A closeup of a dinosaur bone reveals the tiny fibers of the pneumosteum, a bony tissue that marks the former presence of air sacs. Photo by Lambertz et al./Biol. Lett
Jan. 3 (UPI) -- The highly efficient breathing mechanism known as the lung-air sac system, found among early birds and dinosaurs, has long intrigued paleontologists and evolutionary biologists. But tracing its evolutionary history has proven difficult, until now.
Scientists have developed a way to identify the presence of the lung-air sac system and its precedents on the surface of bones.
Air sacs are tiny, bellows-like bumps on bone that inflate and deflate, triggering the flow of gas in a separate chamber, such as lungs. But air sacs don't just extend out from bones, they can also invade inward.
When bones are colonized by air sacs, it's known as pneumatization.
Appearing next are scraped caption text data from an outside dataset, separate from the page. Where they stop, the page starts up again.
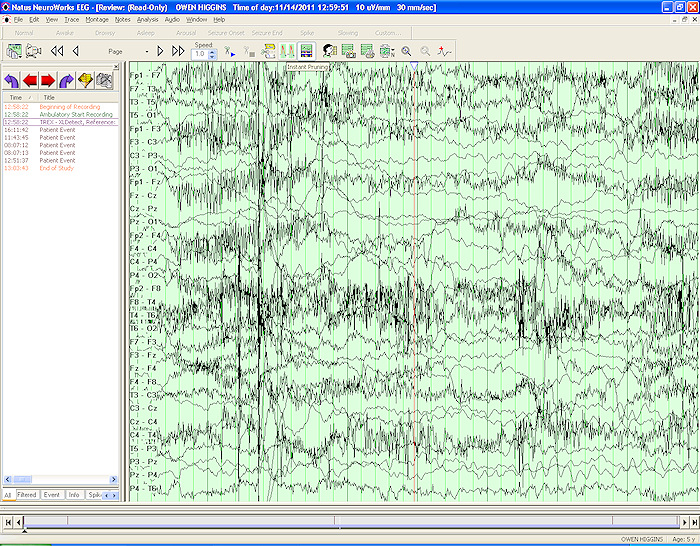 eeg-scribbles.jpg
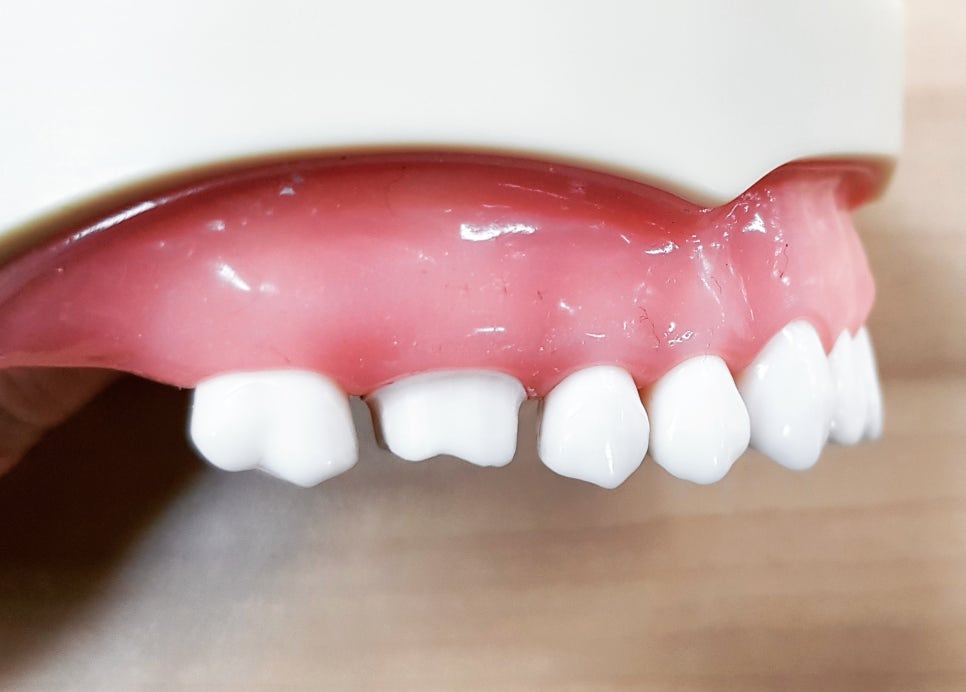 치과 공보의 일기 (31) : 모르면 용감 관련 이미지 3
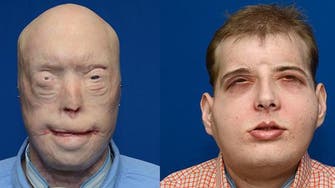 چہرے کی مکمل تبدیلی کی منفرد اور طویل ترین سرجری
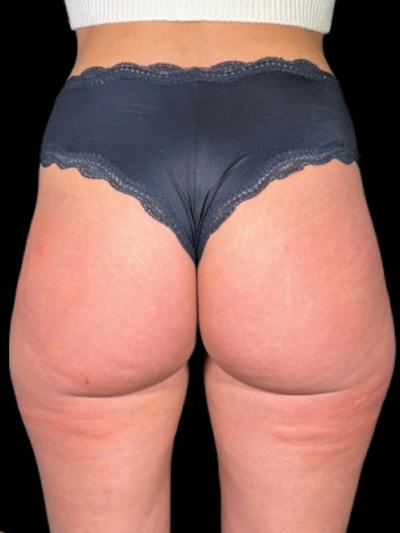 Buttock Augmentation Before & After Gallery - Patient 205339 - Image 2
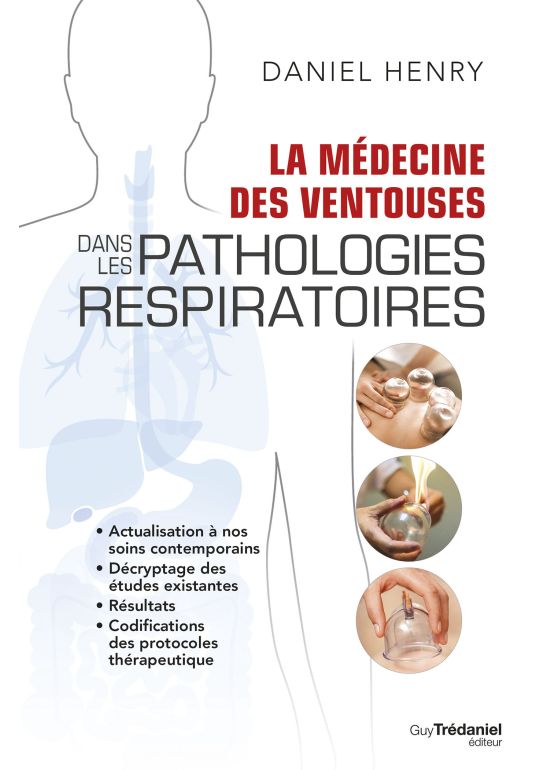 La médecine des ventouses dans les pathologies respiratoires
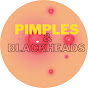 Pimples and Blackheads logo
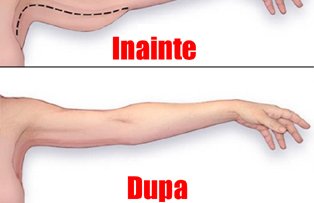 Cum sa scapi de grasimea depusa pe brate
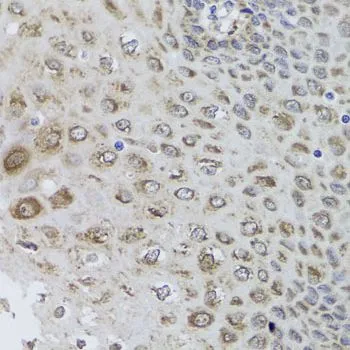 IHC-P analysis of human esophagus tissue using GTX57162 AMPK beta 1 antibody. Dilution : 1:100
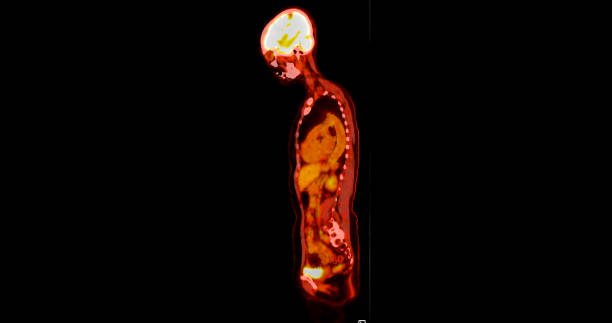 istock PET scan image displaying whole-body metabolic activity in a side profile view. Suitable for medical education, diagnostics, and research in cellular function. 2181747037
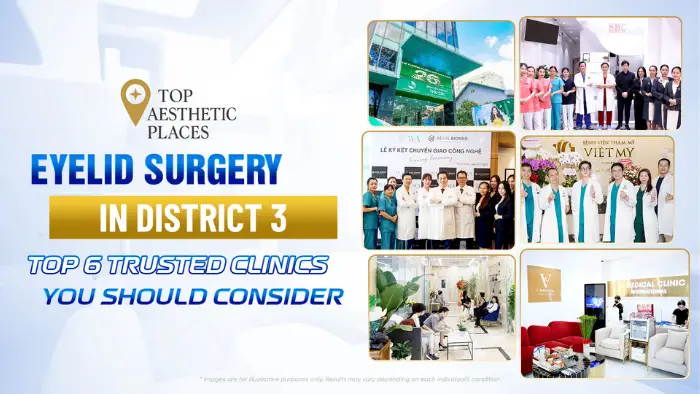 Eyelid Surgery in District 3: Top 6 Trusted Clinics You Should Consider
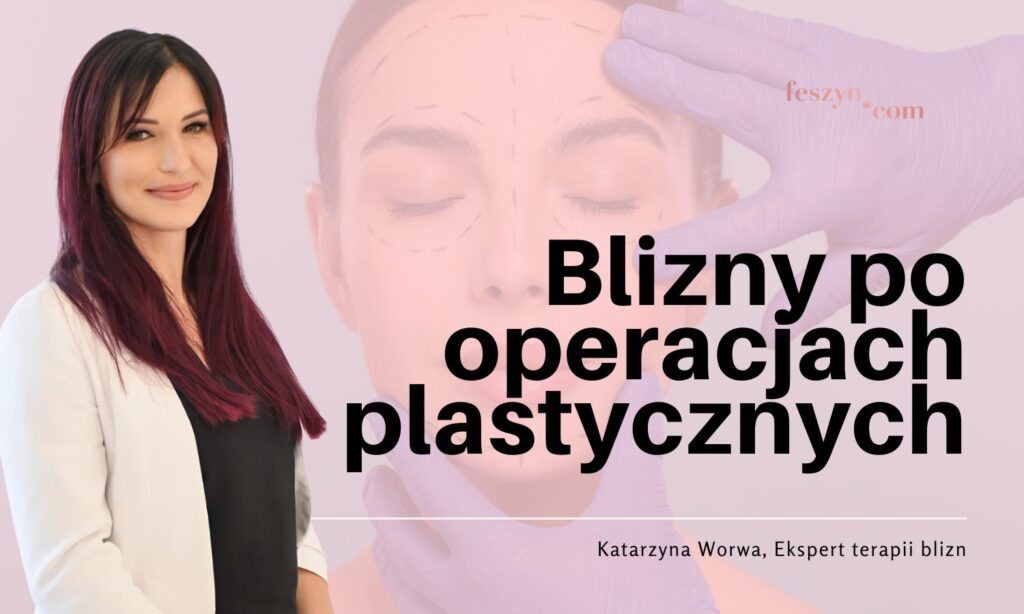 Blizny po operacjach plastycznych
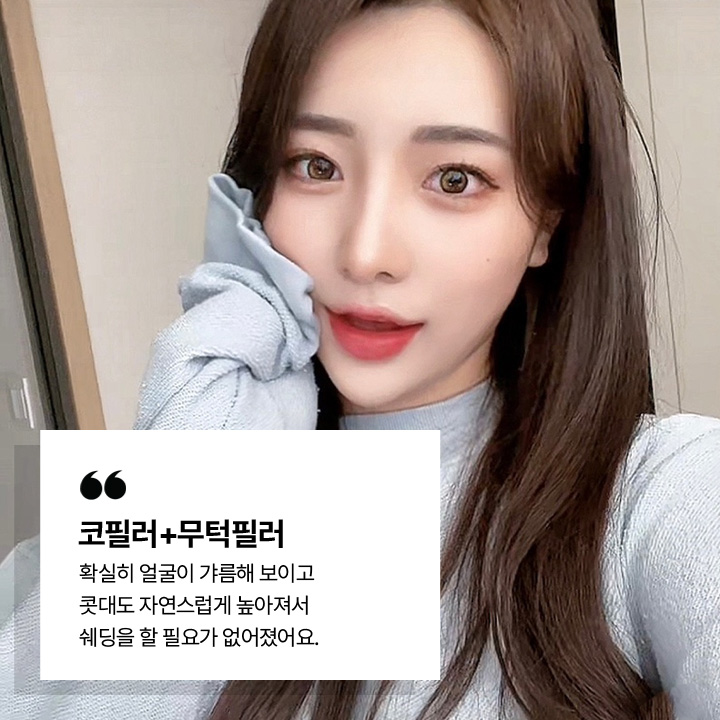 코필러+무턱필러 시술후기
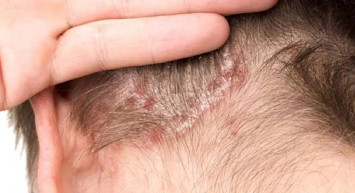 Saçta egzama belirtileri nelerdir? Hangi yiyecekler saçta egzama yapar? Egzama nasıl tedavi edilir?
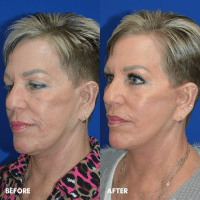 FMPS B&A Template - lower face and neck lift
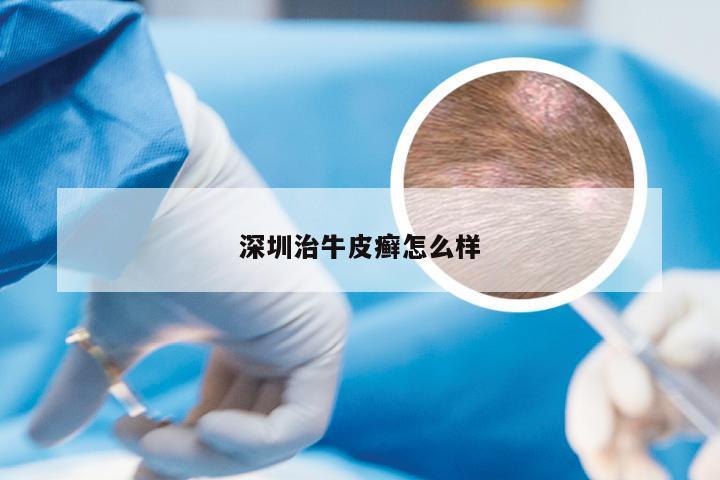 深圳治牛皮癣怎么样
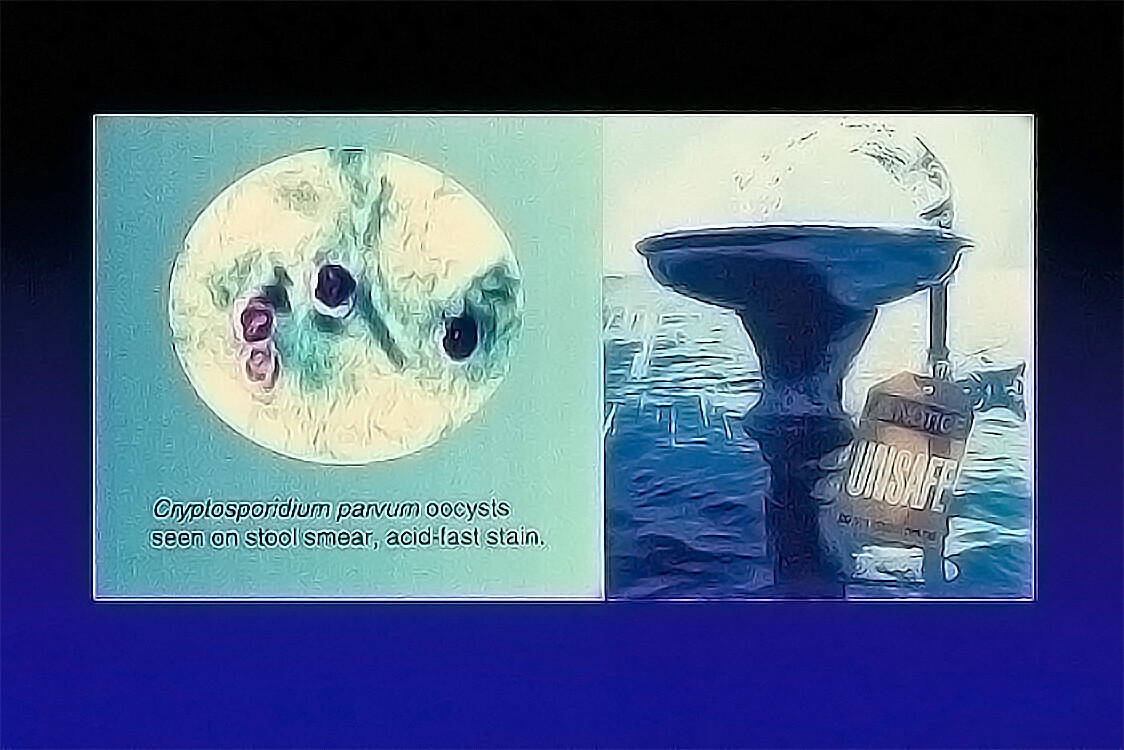 Cryptosporidium General Information - StoryMD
The development of pneumatized bones enabled birds and dinosaurs, like sauropods, to develop lighter bones, allowing for flight and gigantism.
Scientists believe this development preceded the emergence of the lung-air sac system, but air sacs in bones can't survive fossilization, making it difficult to trace their evolution.
However, new analysis of pneumatized bones suggests the presence of air sacs leaves behind an observable structural signature.
"Bones that are in contact with air sacs exhibit a unique structure composed of very fine and densely packed fibers," Filippo Bertozzo, a researcher at the University of Bonn, said in a news release. "After it turned out that this was true both in modern birds and extinct dinosaurs, we proposed to name this special kind of bony tissue 'pneumosteum.'"
Follow-up studies revealed the presence of the unique bony tissue on the cervical vertebrae of gigantic sauropods.
"Such cavities had already previously been hypothesized as potential locations of air sacs, but only our microscopic analysis now provides convincing arguments for this," said Markus Lambertz, a researcher at Bonn's Institute for Zoology.
Scientists detailed their analysis in a new paper published this week in the journal Biology Letters.
While other features, like muscles, can leave behind fibrous marks, the signature left by air sacs is unique. Scientists say the discovery will help them better understand when and how dinosaurs and birds developed the unique structures -- structures that helped the extant species grow to giant sizes, as well as adopt highly-efficient respiratory systems and evolve the ability to fly.
"This project once again highlights the importance of the interdisciplinary collaboration between zoologists and paleontologists for elucidating evolutionary history," Lambertz said.